Records contained in a dataset
============================================================

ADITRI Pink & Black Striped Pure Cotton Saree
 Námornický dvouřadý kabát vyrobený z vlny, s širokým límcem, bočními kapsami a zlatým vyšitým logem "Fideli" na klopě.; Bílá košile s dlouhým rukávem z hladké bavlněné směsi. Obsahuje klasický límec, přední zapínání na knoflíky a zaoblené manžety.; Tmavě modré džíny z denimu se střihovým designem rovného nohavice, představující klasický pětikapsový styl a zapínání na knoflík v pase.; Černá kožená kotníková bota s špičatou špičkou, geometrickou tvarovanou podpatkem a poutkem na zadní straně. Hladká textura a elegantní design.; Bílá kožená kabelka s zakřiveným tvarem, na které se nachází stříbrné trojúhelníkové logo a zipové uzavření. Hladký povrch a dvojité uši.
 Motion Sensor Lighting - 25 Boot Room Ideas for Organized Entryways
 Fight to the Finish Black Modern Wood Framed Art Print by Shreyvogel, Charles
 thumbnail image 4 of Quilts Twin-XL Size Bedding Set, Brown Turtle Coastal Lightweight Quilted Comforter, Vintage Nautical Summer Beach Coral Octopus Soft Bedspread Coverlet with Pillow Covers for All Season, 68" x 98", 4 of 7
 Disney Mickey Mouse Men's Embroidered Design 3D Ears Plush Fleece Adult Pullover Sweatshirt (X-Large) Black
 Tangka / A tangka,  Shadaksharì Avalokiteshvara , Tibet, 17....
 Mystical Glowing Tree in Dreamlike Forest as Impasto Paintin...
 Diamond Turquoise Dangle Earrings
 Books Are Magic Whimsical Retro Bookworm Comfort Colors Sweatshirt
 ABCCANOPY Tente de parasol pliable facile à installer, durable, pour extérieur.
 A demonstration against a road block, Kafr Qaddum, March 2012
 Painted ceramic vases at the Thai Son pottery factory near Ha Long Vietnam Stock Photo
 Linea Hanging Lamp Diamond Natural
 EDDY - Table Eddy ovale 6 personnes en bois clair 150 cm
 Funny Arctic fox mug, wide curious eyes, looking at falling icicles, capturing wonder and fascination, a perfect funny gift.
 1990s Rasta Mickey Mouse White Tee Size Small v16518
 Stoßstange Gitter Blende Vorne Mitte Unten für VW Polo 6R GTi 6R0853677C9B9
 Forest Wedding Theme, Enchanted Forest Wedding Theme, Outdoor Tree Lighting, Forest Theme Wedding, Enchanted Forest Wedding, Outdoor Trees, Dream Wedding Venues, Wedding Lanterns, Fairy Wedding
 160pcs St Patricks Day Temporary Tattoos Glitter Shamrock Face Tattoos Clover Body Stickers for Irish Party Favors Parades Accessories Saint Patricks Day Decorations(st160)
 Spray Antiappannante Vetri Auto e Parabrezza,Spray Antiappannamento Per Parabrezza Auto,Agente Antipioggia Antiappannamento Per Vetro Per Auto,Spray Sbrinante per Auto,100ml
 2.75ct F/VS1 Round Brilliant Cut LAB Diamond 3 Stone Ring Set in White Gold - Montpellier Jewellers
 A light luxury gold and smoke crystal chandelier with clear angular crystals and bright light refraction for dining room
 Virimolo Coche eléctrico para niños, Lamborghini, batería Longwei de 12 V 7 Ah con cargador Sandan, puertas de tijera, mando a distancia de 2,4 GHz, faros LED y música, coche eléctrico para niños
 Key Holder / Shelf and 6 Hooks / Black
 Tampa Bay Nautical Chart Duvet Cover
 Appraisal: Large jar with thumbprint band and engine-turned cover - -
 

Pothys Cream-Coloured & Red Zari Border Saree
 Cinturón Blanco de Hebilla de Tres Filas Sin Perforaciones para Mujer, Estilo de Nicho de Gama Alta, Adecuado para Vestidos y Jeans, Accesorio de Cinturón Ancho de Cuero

============================================================

**Work to complete**
Your answer should be one number, the count of lines in the entries holding the string "Tree".

**Written reply**
2